If Merriam-Webster had anything to do with it, the concept of a deductible would be simple — the "amount of money that you have to pay for something (such as having your car fixed after an accident) before an insurance company pays for the remainder of the cost".
With Washington state health insurers though, it turns out things are a lot more complicated. This past year, while making a difficult recovery from knee surgery, I've been encountering these complexities. Here's how the system works:
1) Deductible Double-Standards
Even though the marketing materials for healthcare plans traditionally promote one deductible, there are often actually two deductibles. This year I opted into Lifewise’s $1,000 deductible Gold plan. Here’s the thing though: That $1,000 deductible only applies when I visit medical professionals in the Lifewise network.
When I visit professionals outside the network, even if they are licensed by the State of Washington, I have a fully separate $2,000 deductible. Therefore, my $1,000 deductible plan actually has $3,000 of deductibles. Some plans are worse: The Bridgespan $1,000 deductible plan has $6,000 in combined deductibles. By design, HMOs such as Group Health and Ambetter provide no coverage at all for out-of-network providers; their out-of-network deductible is infinity.
Side note: Even Lifewise itself can't keep track of which doctors are in- or out-of- its network. Though their Explanation of Benefits (EoB) says that the UW Medical Center is in-network, when I visited a doctor there, my payment was applied to my out-of-network deductible. A follow-up phone call revealed that the UW Medical Center is, actually, out-of-network.
One downside of the Affordable Care Act (ACA) is that insurers are now even more restrictive of who they allow into their networks. A handful of providers have told me that insurers purposely limit entry to their network in order to reduce expenses. Seattle's Children's Hospital is even suing the state Office of the Insurance Commisioner because only two of seven plans on the state exchange include it in their network.
When it comes to auto insurance, Washington state law requires insurers allow you to repair your car at the vehicle repair shop of your choice. There's no such freedom with health insurance.
2) Limits on the Number of Visits that Override Your Deductible
Amazingly, even once you’ve met your deductible, insurers can completely set aside your coverage if you exceed visit limits in certain categories of treatment. For example, my current plan provides no coverage for physical therapy after 25 visits — even if my in-network deductible is satisfied.
In other words, if you're hit by an uninsured driver, you get 25 visits of physical therapy and then nothing until you’ve hit the new ACA out-of-pocket limit of $6,350. For those keeping track, that’s $5,350 you’ll have to pay yourself — in addition to the $1,000 deductible you already paid.
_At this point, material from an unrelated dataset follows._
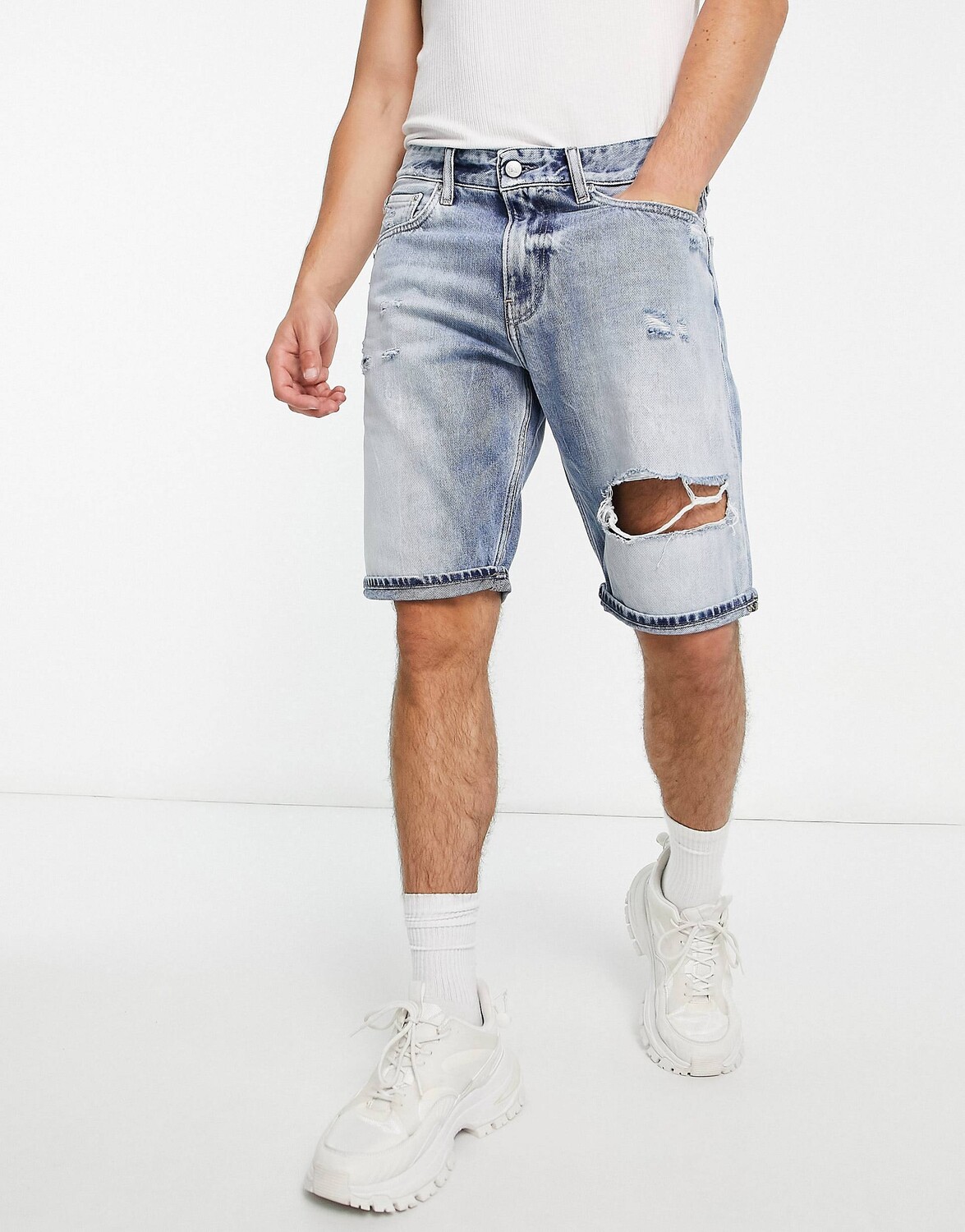 

Светлые джинсовые шорты с эффектом потертости Calvin Klein Jeans классического кроя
And, as I'll describe below, many costs you would incur wouldn't count towards the limit, they'll be paid completely out-of-pocket.
Washington state's interpretation of the ACA set a minimum number of physical therapy appointments insurers are required to provide (which actually increased my insurer's visit limit by five). Still, the free marketplace hasn't yet unearthed any insurers that offer a more competitive plan without visit limits. (Don't worry, I'm sure Libertarians are right about other things.)
3) Copays Don't Count Towards Your Deductible
Most Washington insurers require a copay for some provider visits as well as prescription drugs. For example, my plan often requires a $30 per visit copay — 25 percent of a typical $120 medical visit. Copays don't count towards your deductible at all. Don't ask me to explain which visits require copays and how much they are. No matter who I ask, it remains one of life's little mysteries.